§ **ASSIGNED TASK**
Transcribe, verbatim, every line from the start of the entries through the line that contains "Public Bath in Ryokan Seishounagon"; include both boundary lines and omit all others.

___ EXCERPTED DATA

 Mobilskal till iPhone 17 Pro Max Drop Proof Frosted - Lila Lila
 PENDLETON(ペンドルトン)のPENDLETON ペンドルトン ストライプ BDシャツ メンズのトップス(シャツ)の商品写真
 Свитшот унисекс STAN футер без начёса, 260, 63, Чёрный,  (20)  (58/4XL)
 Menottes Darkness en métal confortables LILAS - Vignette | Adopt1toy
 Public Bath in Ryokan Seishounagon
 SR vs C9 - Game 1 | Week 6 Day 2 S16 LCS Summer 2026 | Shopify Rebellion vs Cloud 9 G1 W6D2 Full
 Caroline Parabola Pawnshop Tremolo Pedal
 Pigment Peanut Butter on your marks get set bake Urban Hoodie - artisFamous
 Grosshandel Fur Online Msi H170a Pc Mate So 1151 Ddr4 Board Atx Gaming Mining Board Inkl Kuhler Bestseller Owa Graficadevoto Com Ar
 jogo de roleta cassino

______

§ **COMPLETED EXERCISE**
 Mobilskal till iPhone 17 Pro Max Drop Proof Frosted - Lila Lila
 PENDLETON(ペンドルトン)のPENDLETON ペンドルトン ストライプ BDシャツ メンズのトップス(シャツ)の商品写真
 Свитшот унисекс STAN футер без начёса, 260, 63, Чёрный,  (20)  (58/4XL)
 Menottes Darkness en métal confortables LILAS - Vignette | Adopt1toy
 Public Bath in Ryokan Seishounagon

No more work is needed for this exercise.